## Your task
Give back all of the data exactly. Leave nothing out.

[[ Listed records open ]]

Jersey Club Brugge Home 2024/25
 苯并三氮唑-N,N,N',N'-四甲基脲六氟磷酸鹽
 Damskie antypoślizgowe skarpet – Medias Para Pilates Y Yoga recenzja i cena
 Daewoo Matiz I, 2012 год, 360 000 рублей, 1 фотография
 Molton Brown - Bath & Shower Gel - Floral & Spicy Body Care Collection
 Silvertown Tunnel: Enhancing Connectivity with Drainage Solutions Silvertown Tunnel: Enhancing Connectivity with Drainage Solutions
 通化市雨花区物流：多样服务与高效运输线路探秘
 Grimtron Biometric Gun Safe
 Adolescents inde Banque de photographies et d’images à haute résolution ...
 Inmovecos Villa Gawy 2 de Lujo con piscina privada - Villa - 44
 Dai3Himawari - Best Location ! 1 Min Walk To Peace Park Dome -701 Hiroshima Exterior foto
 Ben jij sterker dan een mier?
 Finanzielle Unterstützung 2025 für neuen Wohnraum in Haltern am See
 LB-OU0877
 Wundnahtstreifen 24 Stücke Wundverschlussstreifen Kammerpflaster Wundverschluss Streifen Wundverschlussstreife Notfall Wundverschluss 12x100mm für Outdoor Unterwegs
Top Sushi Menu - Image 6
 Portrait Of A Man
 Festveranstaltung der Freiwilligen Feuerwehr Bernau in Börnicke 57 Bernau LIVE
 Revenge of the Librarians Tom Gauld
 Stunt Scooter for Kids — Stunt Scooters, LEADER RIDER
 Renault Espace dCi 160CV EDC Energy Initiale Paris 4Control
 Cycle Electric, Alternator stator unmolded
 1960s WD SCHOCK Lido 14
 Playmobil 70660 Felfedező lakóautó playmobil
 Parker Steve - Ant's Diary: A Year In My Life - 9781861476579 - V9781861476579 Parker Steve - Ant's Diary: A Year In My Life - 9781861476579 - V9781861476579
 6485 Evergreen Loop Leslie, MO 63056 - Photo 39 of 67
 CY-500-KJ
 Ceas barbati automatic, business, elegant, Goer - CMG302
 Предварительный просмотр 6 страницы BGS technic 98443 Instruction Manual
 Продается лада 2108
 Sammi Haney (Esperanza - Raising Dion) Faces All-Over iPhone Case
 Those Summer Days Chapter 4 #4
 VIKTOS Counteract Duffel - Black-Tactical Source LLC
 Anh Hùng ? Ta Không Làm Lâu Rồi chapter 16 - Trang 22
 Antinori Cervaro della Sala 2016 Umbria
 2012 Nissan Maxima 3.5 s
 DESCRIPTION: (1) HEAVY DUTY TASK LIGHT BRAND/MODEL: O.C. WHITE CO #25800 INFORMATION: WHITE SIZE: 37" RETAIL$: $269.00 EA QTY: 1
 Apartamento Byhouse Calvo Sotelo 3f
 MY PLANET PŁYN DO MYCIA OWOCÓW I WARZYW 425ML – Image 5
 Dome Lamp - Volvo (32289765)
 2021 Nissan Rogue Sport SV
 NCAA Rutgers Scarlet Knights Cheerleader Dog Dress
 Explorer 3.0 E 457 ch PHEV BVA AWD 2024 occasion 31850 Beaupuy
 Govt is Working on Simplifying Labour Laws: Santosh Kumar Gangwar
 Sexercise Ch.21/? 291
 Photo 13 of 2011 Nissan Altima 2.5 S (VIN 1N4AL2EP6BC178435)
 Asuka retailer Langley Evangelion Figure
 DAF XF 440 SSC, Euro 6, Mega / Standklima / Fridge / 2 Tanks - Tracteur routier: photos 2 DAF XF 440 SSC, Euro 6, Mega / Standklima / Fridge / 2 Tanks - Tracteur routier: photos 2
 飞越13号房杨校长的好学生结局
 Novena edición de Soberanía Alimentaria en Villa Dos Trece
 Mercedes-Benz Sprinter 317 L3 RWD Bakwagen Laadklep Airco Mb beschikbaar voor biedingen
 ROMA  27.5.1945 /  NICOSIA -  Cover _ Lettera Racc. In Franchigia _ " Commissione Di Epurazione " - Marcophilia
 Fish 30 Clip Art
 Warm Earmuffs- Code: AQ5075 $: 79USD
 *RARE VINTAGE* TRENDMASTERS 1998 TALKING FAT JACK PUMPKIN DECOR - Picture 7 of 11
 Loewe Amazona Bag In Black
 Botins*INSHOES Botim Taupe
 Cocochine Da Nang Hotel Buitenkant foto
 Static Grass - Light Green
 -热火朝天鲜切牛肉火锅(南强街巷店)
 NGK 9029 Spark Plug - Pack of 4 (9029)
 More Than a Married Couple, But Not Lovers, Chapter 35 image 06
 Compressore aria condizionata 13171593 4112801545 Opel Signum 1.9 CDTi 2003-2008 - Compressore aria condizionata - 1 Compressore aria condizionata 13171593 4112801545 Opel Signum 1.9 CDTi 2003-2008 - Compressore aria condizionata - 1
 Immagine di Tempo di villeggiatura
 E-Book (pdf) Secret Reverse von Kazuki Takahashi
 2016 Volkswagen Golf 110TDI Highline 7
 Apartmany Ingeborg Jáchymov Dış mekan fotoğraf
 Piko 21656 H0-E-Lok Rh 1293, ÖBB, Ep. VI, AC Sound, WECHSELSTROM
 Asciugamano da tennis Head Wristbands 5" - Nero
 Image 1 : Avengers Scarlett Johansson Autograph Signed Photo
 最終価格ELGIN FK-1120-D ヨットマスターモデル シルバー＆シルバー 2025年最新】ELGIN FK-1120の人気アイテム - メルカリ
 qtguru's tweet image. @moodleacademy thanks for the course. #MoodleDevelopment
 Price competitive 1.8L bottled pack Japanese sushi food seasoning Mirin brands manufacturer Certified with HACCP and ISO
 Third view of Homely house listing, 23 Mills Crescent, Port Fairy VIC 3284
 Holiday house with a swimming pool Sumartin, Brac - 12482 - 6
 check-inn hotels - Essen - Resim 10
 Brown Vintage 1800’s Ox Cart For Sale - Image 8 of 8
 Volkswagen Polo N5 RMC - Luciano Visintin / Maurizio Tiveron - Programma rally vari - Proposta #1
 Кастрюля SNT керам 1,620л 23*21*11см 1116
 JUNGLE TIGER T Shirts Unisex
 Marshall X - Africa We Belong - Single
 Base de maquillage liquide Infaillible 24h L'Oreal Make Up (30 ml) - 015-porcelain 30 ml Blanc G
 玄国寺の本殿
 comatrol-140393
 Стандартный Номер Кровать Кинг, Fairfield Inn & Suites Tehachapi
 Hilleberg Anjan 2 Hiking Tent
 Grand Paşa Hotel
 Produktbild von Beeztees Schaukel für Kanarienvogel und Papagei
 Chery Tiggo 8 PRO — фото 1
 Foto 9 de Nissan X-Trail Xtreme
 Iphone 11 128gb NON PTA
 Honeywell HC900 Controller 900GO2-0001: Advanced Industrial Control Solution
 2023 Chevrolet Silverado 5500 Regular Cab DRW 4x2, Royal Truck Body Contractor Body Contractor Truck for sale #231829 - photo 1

[[ Listed records closed ]]

## Response area
Jersey Club Brugge Home 2024/25
 苯并三氮唑-N,N,N',N'-四甲基脲六氟磷酸鹽
 Damskie antypoślizgowe skarpet – Medias Para Pilates Y Yoga recenzja i cena
 Daewoo Matiz I, 2012 год, 360 000 рублей, 1 фотография
 Molton Brown - Bath & Shower Gel - Floral & Spicy Body Care Collection
 Silvertown Tunnel: Enhancing Connectivity with Drainage Solutions Silvertown Tunnel: Enhancing Connectivity with Drainage Solutions
 通化市雨花区物流：多样服务与高效运输线路探秘
 Grimtron Biometric Gun Safe
 Adolescents inde Banque de photographies et d’images à haute résolution ...
 Inmovecos Villa Gawy 2 de Lujo con piscina privada - Villa - 44
 Dai3Himawari - Best Location ! 1 Min Walk To Peace Park Dome -701 Hiroshima Exterior foto
 Ben jij sterker dan een mier?
 Finanzielle Unterstützung 2025 für neuen Wohnraum in Haltern am See
 LB-OU0877
 Wundnahtstreifen 24 Stücke Wundverschlussstreifen Kammerpflaster Wundverschluss Streifen Wundverschlussstreife Notfall Wundverschluss 12x100mm für Outdoor Unterwegs
Top Sushi Menu - Image 6
 Portrait Of A Man
 Festveranstaltung der Freiwilligen Feuerwehr Bernau in Börnicke 57 Bernau LIVE
 Revenge of the Librarians Tom Gauld
 Stunt Scooter for Kids — Stunt Scooters, LEADER RIDER
 Renault Espace dCi 160CV EDC Energy Initiale Paris 4Control
 Cycle Electric, Alternator stator unmolded
 1960s WD SCHOCK Lido 14
 Playmobil 70660 Felfedező lakóautó playmobil
 Parker Steve - Ant's Diary: A Year In My Life - 9781861476579 - V9781861476579 Parker Steve - Ant's Diary: A Year In My Life - 9781861476579 - V9781861476579
 6485 Evergreen Loop Leslie, MO 63056 - Photo 39 of 67
 CY-500-KJ
 Ceas barbati automatic, business, elegant, Goer - CMG302
 Предварительный просмотр 6 страницы BGS technic 98443 Instruction Manual
 Продается лада 2108
 Sammi Haney (Esperanza - Raising Dion) Faces All-Over iPhone Case
 Those Summer Days Chapter 4 #4
 VIKTOS Counteract Duffel - Black-Tactical Source LLC
 Anh Hùng ? Ta Không Làm Lâu Rồi chapter 16 - Trang 22
 Antinori Cervaro della Sala 2016 Umbria
 2012 Nissan Maxima 3.5 s
 DESCRIPTION: (1) HEAVY DUTY TASK LIGHT BRAND/MODEL: O.C. WHITE CO #25800 INFORMATION: WHITE SIZE: 37" RETAIL$: $269.00 EA QTY: 1
 Apartamento Byhouse Calvo Sotelo 3f
 MY PLANET PŁYN DO MYCIA OWOCÓW I WARZYW 425ML – Image 5
 Dome Lamp - Volvo (32289765)
 2021 Nissan Rogue Sport SV
 NCAA Rutgers Scarlet Knights Cheerleader Dog Dress
 Explorer 3.0 E 457 ch PHEV BVA AWD 2024 occasion 31850 Beaupuy
 Govt is Working on Simplifying Labour Laws: Santosh Kumar Gangwar
 Sexercise Ch.21/? 291
 Photo 13 of 2011 Nissan Altima 2.5 S (VIN 1N4AL2EP6BC178435)
 Asuka retailer Langley Evangelion Figure
 DAF XF 440 SSC, Euro 6, Mega / Standklima / Fridge / 2 Tanks - Tracteur routier: photos 2 DAF XF 440 SSC, Euro 6, Mega / Standklima / Fridge / 2 Tanks - Tracteur routier: photos 2
 飞越13号房杨校长的好学生结局
 Novena edición de Soberanía Alimentaria en Villa Dos Trece
 Mercedes-Benz Sprinter 317 L3 RWD Bakwagen Laadklep Airco Mb beschikbaar voor biedingen
 ROMA  27.5.1945 /  NICOSIA -  Cover _ Lettera Racc. In Franchigia _ " Commissione Di Epurazione " - Marcophilia
 Fish 30 Clip Art
 Warm Earmuffs- Code: AQ5075 $: 79USD
 *RARE VINTAGE* TRENDMASTERS 1998 TALKING FAT JACK PUMPKIN DECOR - Picture 7 of 11
 Loewe Amazona Bag In Black
 Botins*INSHOES Botim Taupe
 Cocochine Da Nang Hotel Buitenkant foto
 Static Grass - Light Green
 -热火朝天鲜切牛肉火锅(南强街巷店)
 NGK 9029 Spark Plug - Pack of 4 (9029)
 More Than a Married Couple, But Not Lovers, Chapter 35 image 06
 Compressore aria condizionata 13171593 4112801545 Opel Signum 1.9 CDTi 2003-2008 - Compressore aria condizionata - 1 Compressore aria condizionata 13171593 4112801545 Opel Signum 1.9 CDTi 2003-2008 - Compressore aria condizionata - 1
 Immagine di Tempo di villeggiatura
 E-Book (pdf) Secret Reverse von Kazuki Takahashi
 2016 Volkswagen Golf 110TDI Highline 7
 Apartmany Ingeborg Jáchymov Dış mekan fotoğraf
 Piko 21656 H0-E-Lok Rh 1293, ÖBB, Ep. VI, AC Sound, WECHSELSTROM
 Asciugamano da tennis Head Wristbands 5" - Nero
 Image 1 : Avengers Scarlett Johansson Autograph Signed Photo
 最終価格ELGIN FK-1120-D ヨットマスターモデル シルバー＆シルバー 2025年最新】ELGIN FK-1120の人気アイテム - メルカリ
 qtguru's tweet image. @moodleacademy thanks for the course. #MoodleDevelopment
 Price competitive 1.8L bottled pack Japanese sushi food seasoning Mirin brands manufacturer Certified with HACCP and ISO
 Third view of Homely house listing, 23 Mills Crescent, Port Fairy VIC 3284
 Holiday house with a swimming pool Sumartin, Brac - 12482 - 6
 check-inn hotels - Essen - Resim 10
 Brown Vintage 1800’s Ox Cart For Sale - Image 8 of 8
 Volkswagen Polo N5 RMC - Luciano Visintin / Maurizio Tiveron - Programma rally vari - Proposta #1
 Кастрюля SNT керам 1,620л 23*21*11см 1116
 JUNGLE TIGER T Shirts Unisex
 Marshall X - Africa We Belong - Single
 Base de maquillage liquide Infaillible 24h L'Oreal Make Up (30 ml) - 015-porcelain 30 ml Blanc G
 玄国寺の本殿
 comatrol-140393
 Стандартный Номер Кровать Кинг, Fairfield Inn & Suites Tehachapi
 Hilleberg Anjan 2 Hiking Tent
 Grand Paşa Hotel
 Produktbild von Beeztees Schaukel für Kanarienvogel und Papagei
 Chery Tiggo 8 PRO — фото 1
 Foto 9 de Nissan X-Trail Xtreme
 Iphone 11 128gb NON PTA
 Honeywell HC900 Controller 900GO2-0001: Advanced Industrial Control Solution
 2023 Chevrolet Silverado 5500 Regular Cab DRW 4x2, Royal Truck Body Contractor Body Contractor Truck for sale #231829 - photo 1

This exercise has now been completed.